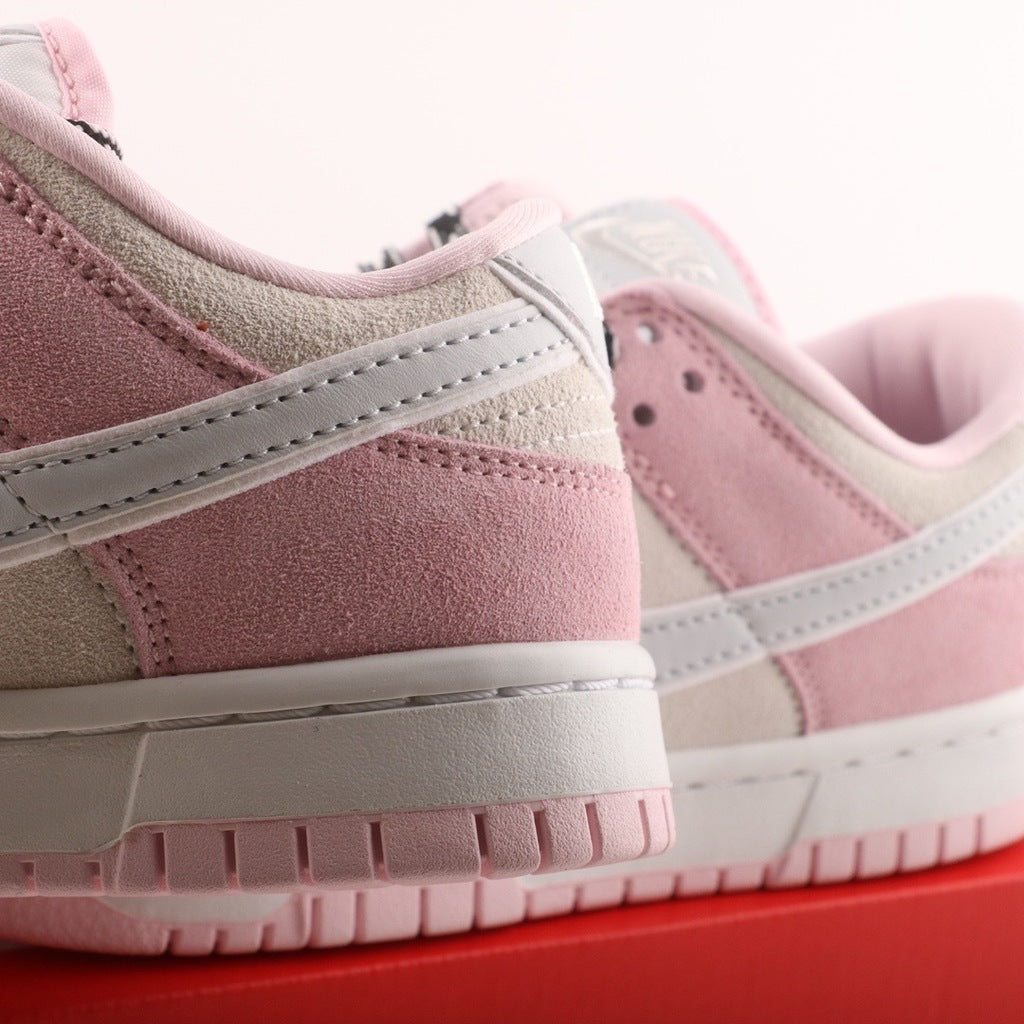 Tênis Cano Baixo Couro Rosa Pastel Detalhe Branco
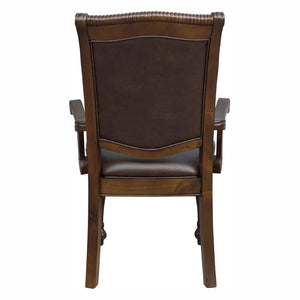 English Elm Cherry Finish Formal Dining Arm Chairs with Gold Tipped Carved Wood Set of Six Arm Chair - Brown Cherry 8 Pc B011P590153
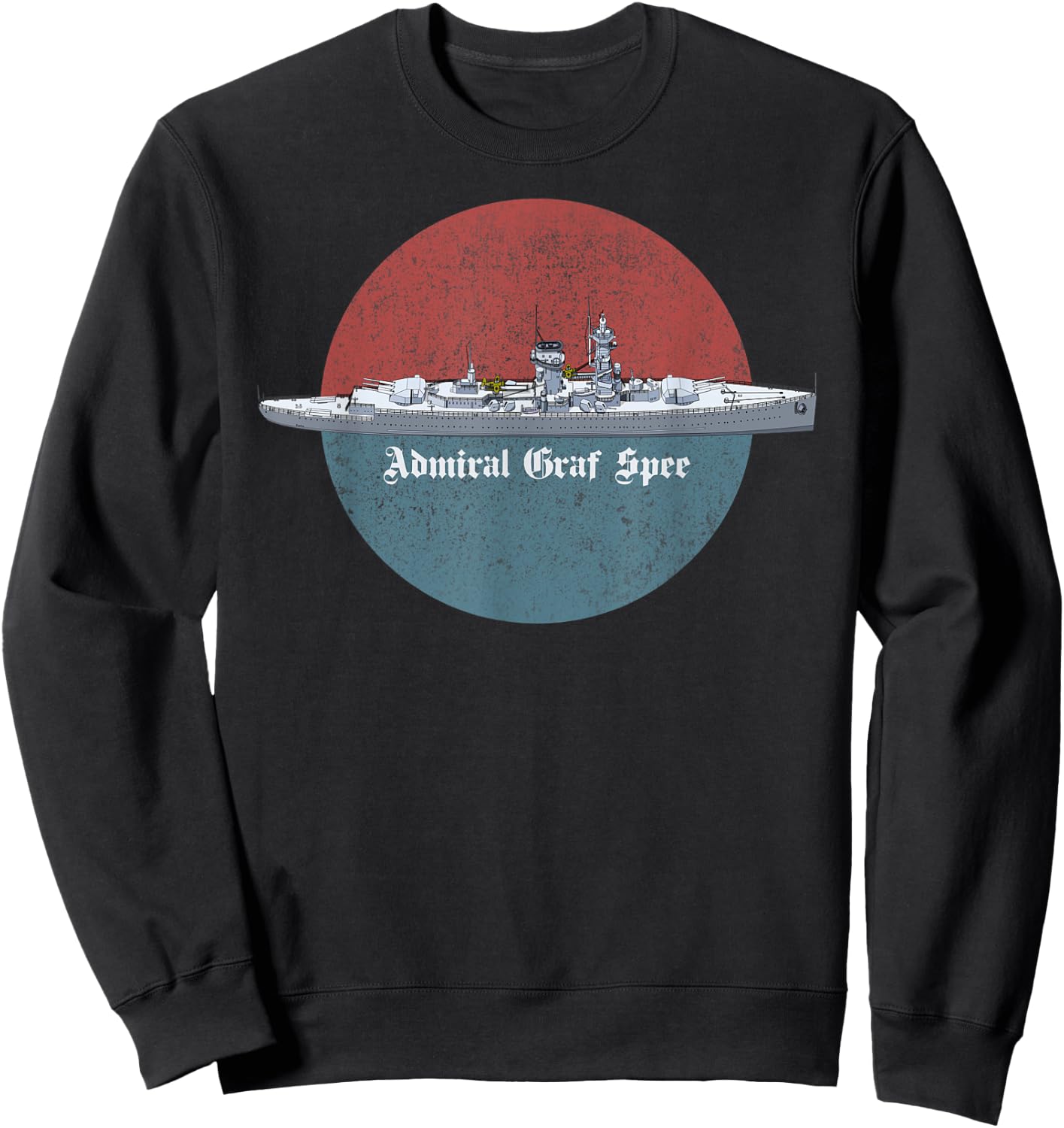Admiral Graf Spee German WW2 Panzerschiff Vintage Scene Sweatshirt - Sweatshirt | Black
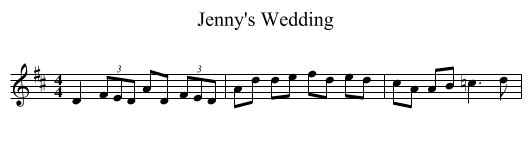 Jenny's Wedding - staff notation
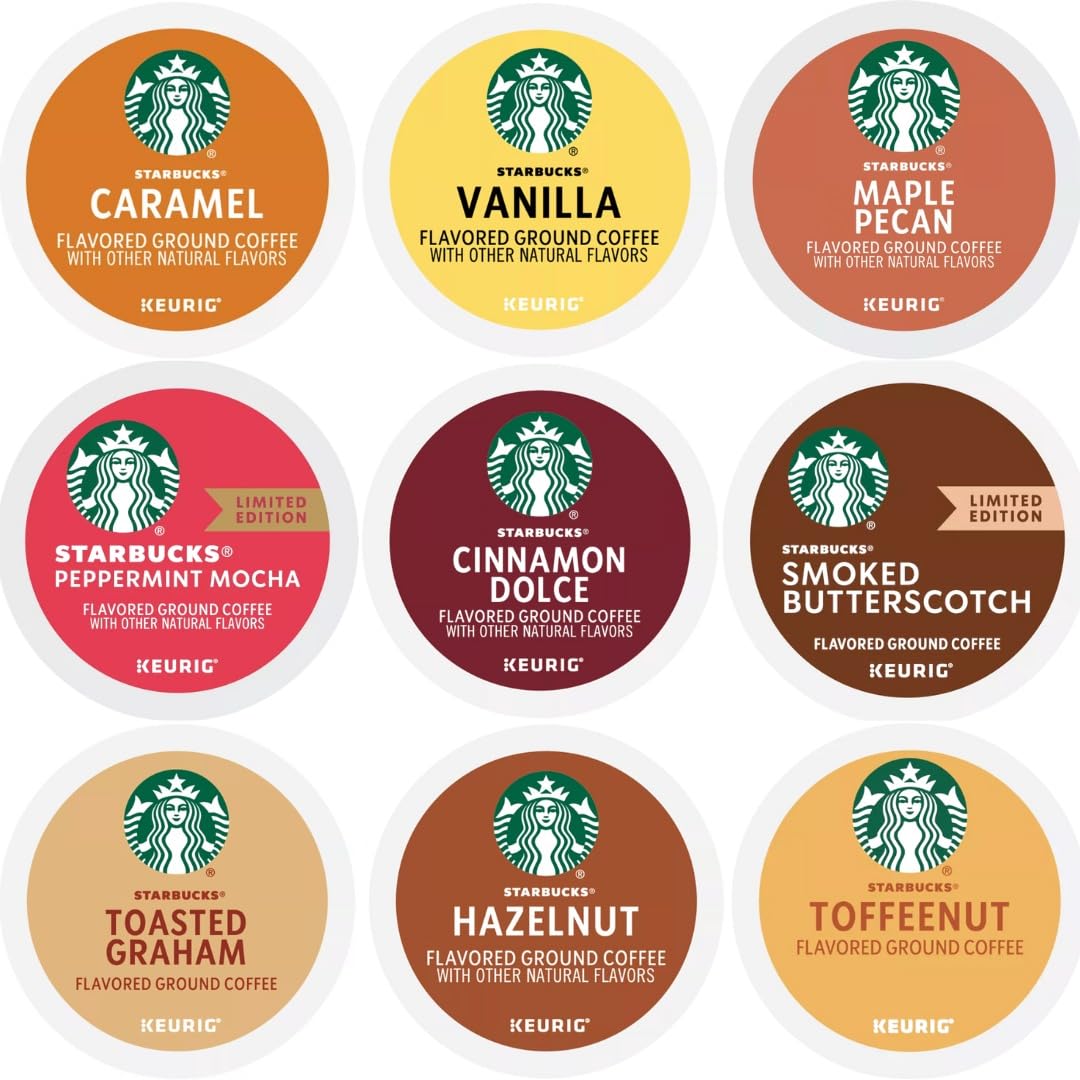 Starbucks K-Cups Flavored Sampler – Caramel, Vanilla, Maple Pecan, Peppermint Mocha, Cinnamon Dolce, Smoked Butterscotch, Toasted Graham, Hazelnut, And Toffeenut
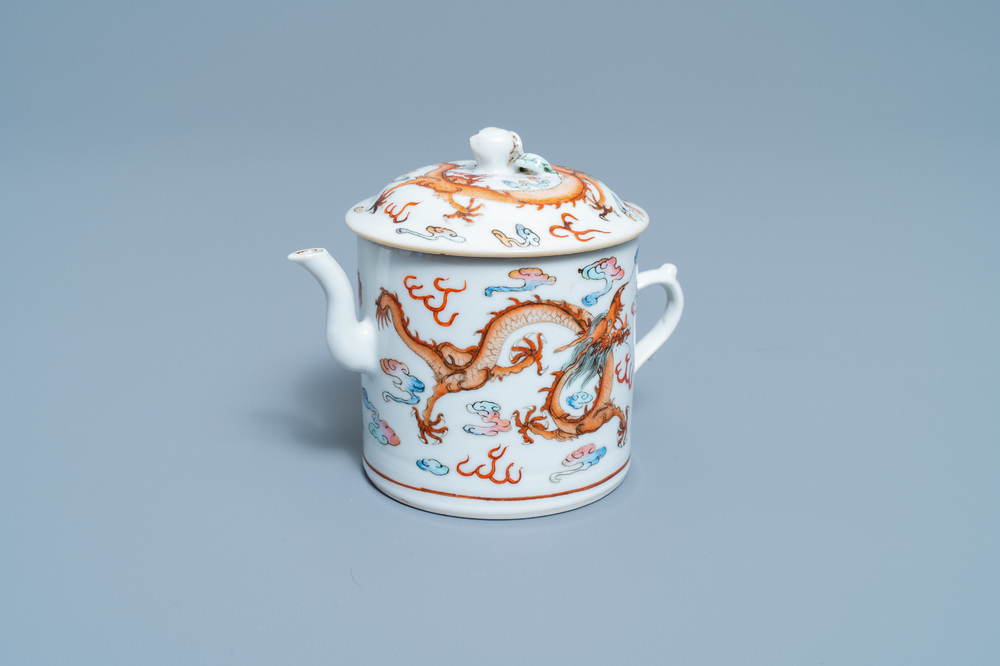 A Chinese famille rose dragon teapot and cover, 19th C.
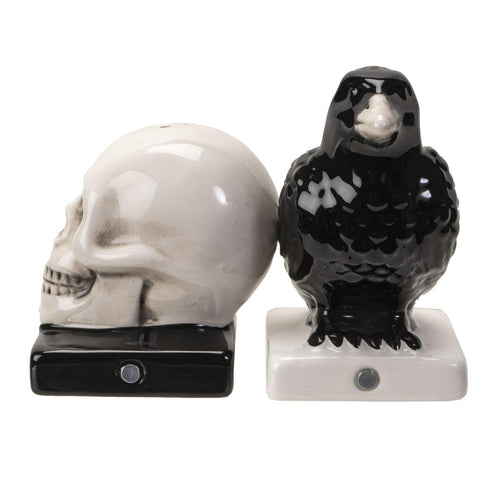 Pacific Giftware Quoth the Raven magnetic pair keeps shakers linked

**What you have to do**. Quote only what lies between the first line of the records and the line containing "Jenny's Wedding - staff notation", please, including both lines and excluding images.

**Result below**.
 Tênis Cano Baixo Couro Rosa Pastel Detalhe Branco
 English Elm Cherry Finish Formal Dining Arm Chairs with Gold Tipped Carved Wood Set of Six Arm Chair - Brown Cherry 8 Pc B011P590153
Admiral Graf Spee German WW2 Panzerschiff Vintage Scene Sweatshirt - Sweatshirt | Black
 Jenny's Wedding - staff notation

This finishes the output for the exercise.